Keempat, memberlakukan sanksi secara tegas yang berfungsi sebagai zawajir (jera) dan jawabir (penebus dosa). Terdapat ketetapan Allah Swt. terkait had (hukum) yang diperuntukkan bagi pelaku pemerkosaan dan perzinaan. Hukumannya berbentuk  jilid (cambuk) seratus kali dan diasingkan, jika pelaku kejahatan seksual belum menikah. Sementara bagi pelaku yang sudah menikah hukumannya adalah rajam hingga mati.

Untuk pelaku pelecehan diiringi  kekerasan fisik atau ancaman, maka tindakannya terkategori hirabah. Sanksinya bisa dibunuh, disalib, dipotong tangan dan kakinya secara menyilang, atau diasingkan.

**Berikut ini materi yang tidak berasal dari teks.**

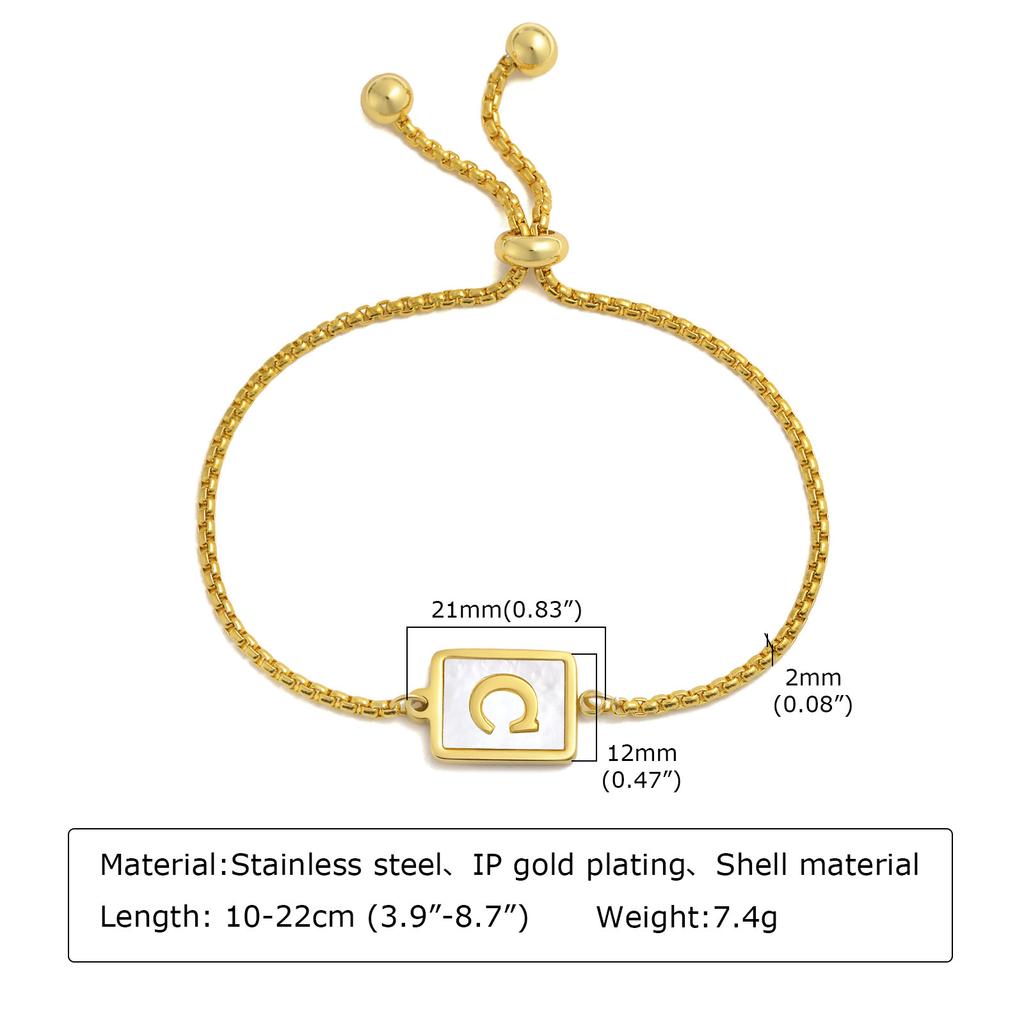 Bracelets Stainless Steel English Alphabet Square Shell Gold Bracelet Ladies Adjustable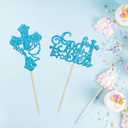 36Pcs God Bless and Cross Cupcake Toppers with Dove Glitter First Communion Baptism Cupcake Picks Decorations for Christian Baptism Theme Boys Girls Birthday Party Supplies Blue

Penerapan sanksi ini adalah bentuk ketegasan Islam setelah tahapan preventif dilakukan. Sanksi ini tidak saja membuat pelaku jera, terhindar dari hukuman akhirat, juga dapat melindungi kehormatan perempuan dan penjagaan keturunan (an-nasl) umat muslim, sebab gharizah na’u (hasrat seksual) meski itu adalah fitrah atas diri manusia tapi dalam penyalurannya harus sesuai arahan syariat Islam, yakni melalui pernikahan. Penerapan ini akan berwujud nyata jika sistem pemerintahan Islamnya ada dan diperjuangkan melalui thariqul ummah. Negara akan berperan sesuai fungsinya yaitu sebagai raai’n dan junnah. Bukan hanya mengatur dan melayani urusan publik kepala per kepala tapi juga menyelesaikan segala persoalan yang terjadi di tengah mereka.

Dengan ketaatan pemimpin negara terhadap syariat,  ketenangan, ketentraman, kesejahteraan, serta keamanan bukan lagi perkara yang mahal ataupun  ilusi belaka bagi kaum perempuan. Dalam pandangan Islam ketaatan dan kekufuran masing-masing memiliki konsekuensi, sebagaimana firman Allah Swt. dalam surat Al-A’raf: 96,

 “Dan sekiranya para penduduk negeri beriman dan bertakwa, pastilah Kami limpahkan atas mereka keberkahan dari langit dan bumi. Akan tetapi mereka mendustakan (ayat-ayat Kami) itu, maka Kami siksa mereka disebabkan perbuatannya.”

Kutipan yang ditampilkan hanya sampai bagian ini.